Saya langsung membencinya. Kain itu membungkus kepala saya dan mengaburkan kemampuan saya untuk mendengar dengan benar. Itu berkeringat. Tapi saya diberitahu betapa cantiknya saya terlihatnya. Saya diberitahu bahwa saya adalah permen yang harus dibungkus dan dilindungi agar tetap bersih untuk calon suaminya. Saya tidak akan menemukan permen yang akan tertutupi kotoran dan lalat. Saya harus tetap murni.
“Apa yang akan kamu lakukan jika kamu memiliki cincin berlian yang indah?”
“Aku akan memakainya”
“Tidak, kamu akan meletakkannya di brankas untuk menjaganya tetap aman”
“Tidak, aku akan …”
“Ini untuk perlindunganmu sendiri! Berhenti berdebat! ”
Saya merasa sangat dibatasi. Sekarang saya harus menutupi setiap inci kulit kecuali tangan dan wajah saya. Celana tidak lagi diizinkan karena menunjukkan bentuk tubuh saya. Saya harus memakai rok panjang. Pakaian berlebih ini melarang saya berenang, bermain ayunan, mengendarai sepeda — semua hal yang masih ingin saya lakukan sebagai gadis muda!
Masa kecil saya direnggut hari itu.
Sebagai orang dewasa, saya akhirnya memiliki keberanian untuk melanjutkan pertarungan dengan ibu saya. Saya tegaskan lagi mengapa saya tidak mau memakai jilbab. Tetapi pemandangan saya dengan kepala terbuka, atau “telanjang” ketika ia mengatakannya, menyebabkannya meledak menjadi kegilaan yang keras.
“Aku akan memastikan kamu terbunuh karena tidak menghormati keluarga kita seperti ini.”
Itu bukan ancaman kosong. Di Kanada, Aqsa Parvez yang berusia 16 tahun dibunuh oleh ayah dan kakaknya karena dia menolak mengenakan jilbab. Sayangnya, pembunuhan demi kehormatan lazim di komunitas Islam.
Sebagian besar wanita berada dalam posisi di mana mereka tidak dapat berbicara atau mereka akan menderita akibat yang mengerikan – itu sebabnya sangat penting bagi kami untuk mengangkat suara kami dalam solidaritas. Para feminis bebas di seantero planet ini seharusnya marah karena saudari-saudari kita hidup seperti ini.

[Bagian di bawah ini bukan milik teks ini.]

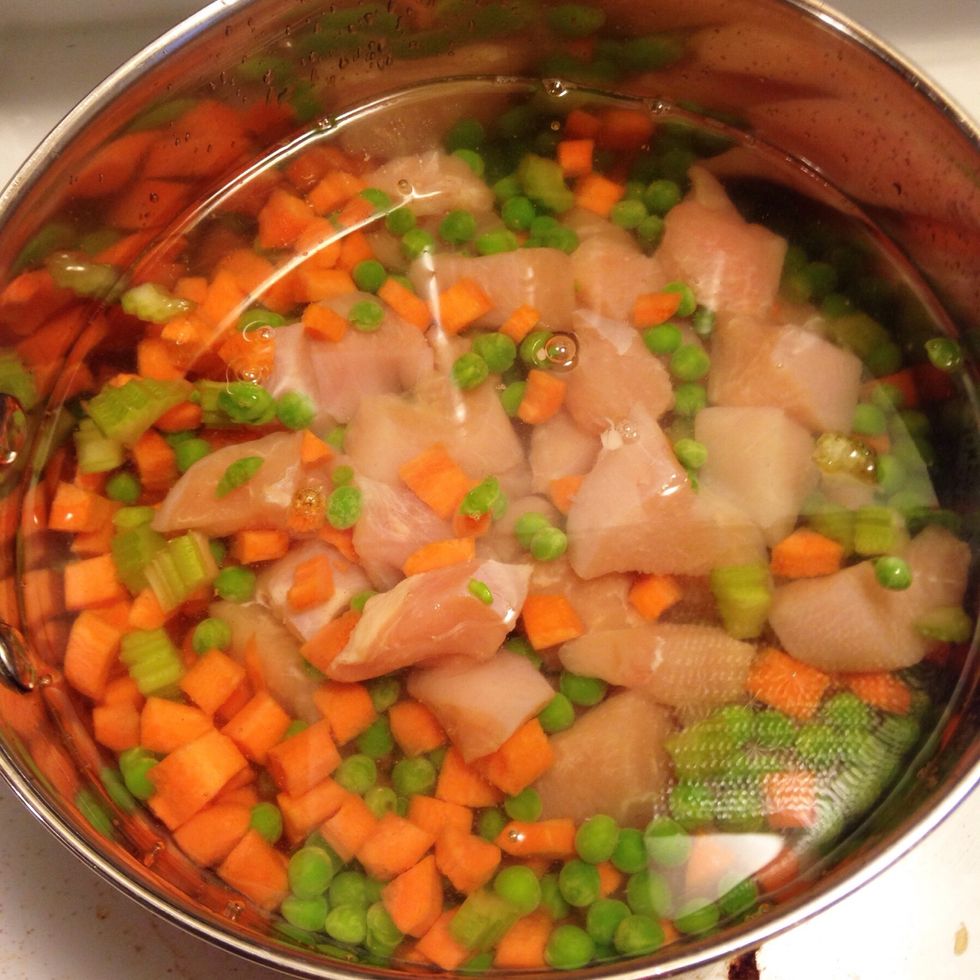 Place chicken, carrots, peas, and celery into a saucepan. Add just enough water to cover.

Anggota kelompok “Kvinder i Dialog” mengambil bagian dalam demonstrasi menentang denda pertama yang diberikan karena mengenakan cadar niqab di Kopenhagen, Jumat, 10 Agustus 2018. (Martin Sylvest / Ritzau Scanpix via AP)
Jilbab lebih dari sepotong kain. Ini adalah representasi fisik dari dehumanisasi, penaklukan dan kebencian terhadap wanita yang dipaksakan pada wanita-wanita ini. Mengacunya sebagai selembar kain di kepala sama kosongnya dengan merujuk pada rantai budak seperti logam pada pergelangan tangan. Jika seorang wanita dapat membebaskan dirinya dari mengenakan jilbab, ia membebaskan dirinya dari lebih banyak lagi.

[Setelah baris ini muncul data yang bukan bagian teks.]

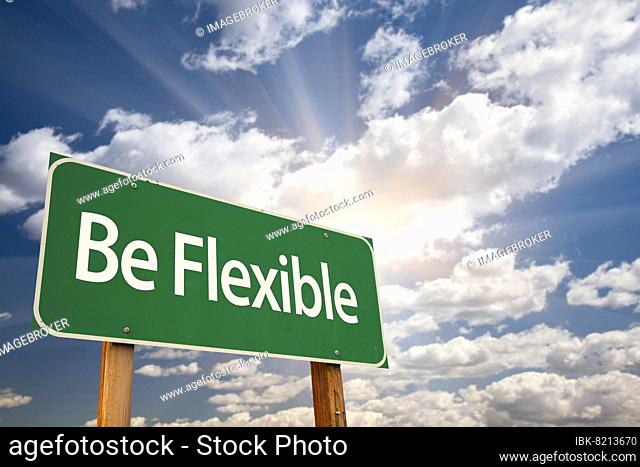 Be flexible green road sign with dramatic clouds and sky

Tidak ada manusia terlepas dari jenis kelamin atau lokasi geografis yang ingin diberi tahu apa yang harus mereka kenakan. Mengapa kami mendukung wanita Barat untuk mengenakan apa yang mereka inginkan dan bahkan ‘membebaskan puting susu’ tetapi kami mendukung penindasan wanita Muslim dengan merayakan jilbab – alat kebencian terhadap wanita yang menindas mereka?

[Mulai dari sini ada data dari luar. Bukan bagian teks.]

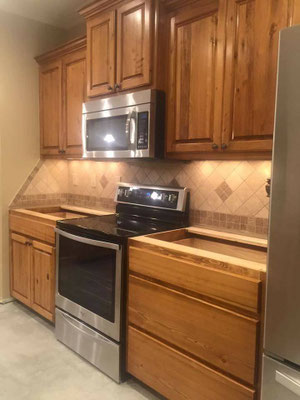  Cabinets. Cypress in kitchen. The kitchen uppers were pre-existing (survived the flood) & Jim built the replacement lowers to match. 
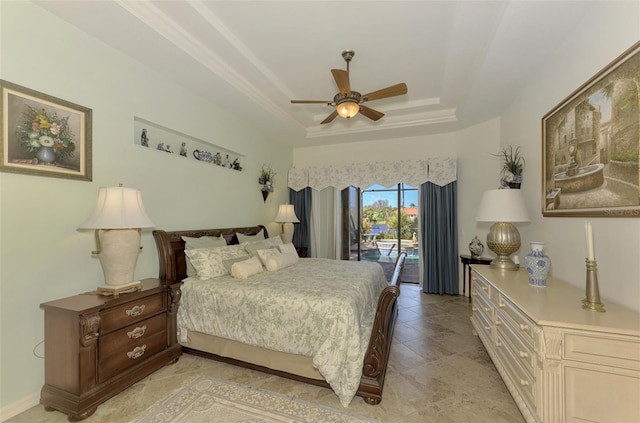 bedroom featuring a raised ceiling, ceiling fan, and access to exterior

Kita dapat mendukung wanita Muslim dengan memperlakukan mereka tidak berbeda dari semua wanita lain – dengan mendukung mereka dalam perjuangan mereka untuk kebebasan dari aturan patriarki kuno yang mengatur hidup mereka, dengan mendukung mereka untuk berperang melawan pakaian kesederhanaan yang ditentukan, dengan mendukung mereka dalam perjuangan mereka untuk menjadi Gratis.